Warning:  Disassembling and tinkering with your firearm may void the warranty.  I claim no responsibility for use or misuse of this article.  Again, this article is for entertainment purposes only!

Tools and firearms are the trademark/service mark or registered trademark of their respective manufacturers.

Navy Arms 1892
My long-time shooting buddy, Jon (a.k.a. “Lone Star”) has a beautiful stainless steel Navy Arms replica of a Winchester 1892 in .45 Long Colt caliber with a twenty-inch octagon barrel.  He recently installed a tang peep sight which he uses as a ghost ring by removing the aperture.  Unfortunately, he couldn’t get the new sight low enough, which meant the rifle was shooting high.  It was alright for “minute of cowboy”, but he wanted to be able to adjust the sights to hit to point of aim.  Since the peep sight couldn’t go any lower, that meant we would have to raise the front sight.  The rule is; move the rear sight in the same direction you want the bullet to go, move the front sight in the opposite direction you want the bullet to go.

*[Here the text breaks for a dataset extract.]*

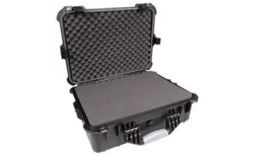 Small Water Resistant Case with Foam Insert - 390mm x 515mm x 185mm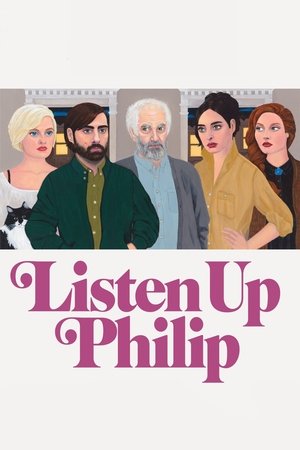 Watch Free Listen Up Philip (2014)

I have a number of spare sights in my parts bin, but none of them would fit.  Apparently Navy Arms used a non-standard dovetail that was wider than 3/8.  Jon also mentioned that he didn’t necessarily need a beaded front sight.  So I decided to fabricate a square post front sight for him using my MAXNC 10 CL CNC hobby mill.

Fabrication
I ordered a 1/8” x 3/4” x 12” piece of steel bar stock from OnlineMetals.com, my favorite place to purchase metal.  This would become both the base and front post for the new sight.

I used CorelDRAW® to design the pattern for the sight base and post.  I like using CorelDRAW® because I have greater design control, and I am very fluent in its use.  In the above figure the square in the middle of the base is for the notch that will hold the post.

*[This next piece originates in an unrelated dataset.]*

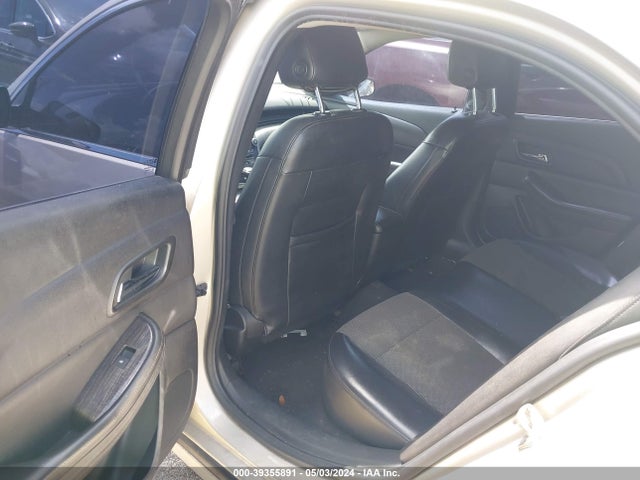 Chevrolet Malibu Limited Lt 2016 1G11C5SA5GF136476 Image 8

Now for some math; I used my Front Sight Height Calculator to calculate the increase in front sight height.  Jon needed to move his shots down 6-inches at 25-yards.  The increase in front sight height would be 0.170 inches.  His front sight measured 0.328” which meant the new sight would have to measure 0.498”; which we rounded up to 0.500”.  His base measured 0.515” wide and the dovetail was 0.389” wide (much wider than a standard 3/8” 0.375” dovetail) and the base thickness measured 0.113”.  0.500” – 0.113” = 0.337” which would be the height of the new front post.  I also milled a notch in the base which allowed me to keep the post straight when silver-soldering it to the base.

I wanted the total height of the sight to be 0.500”.  Since the dovetail was 0.113”, that meant I needed the front post to be 0.337” in height.  Remember, sight height includes the thickness of the dovetail.  Using these measurements I created the machine “G” code for my hobby CNC mill.

I exported my design as a drawing .dwg file, which I imported into my CAD/CAM software BobCAD-CAM.  I planned to perform the milling with a 1/16-inch square end bit, so I created the tool paths offset by 0.0313, or half the diameter of the 1/16 bit.  The purple lines in the above figure are the tool paths.  For the post and base the tool path was offset to cut outside; for the notch in the center of the base, the tool path was offset to cut inside.  The multiple lines on top of the base were for milling the thickness of the base down to 0.113".

Assembly
After the parts were milled they had some rough edges.  I took a flat jewelers file and some 400-grit wet/dry sand paper to trim the flashing.  I used a Cratex bit and my high-speed rotary tool to polish the sharp edges on the base. 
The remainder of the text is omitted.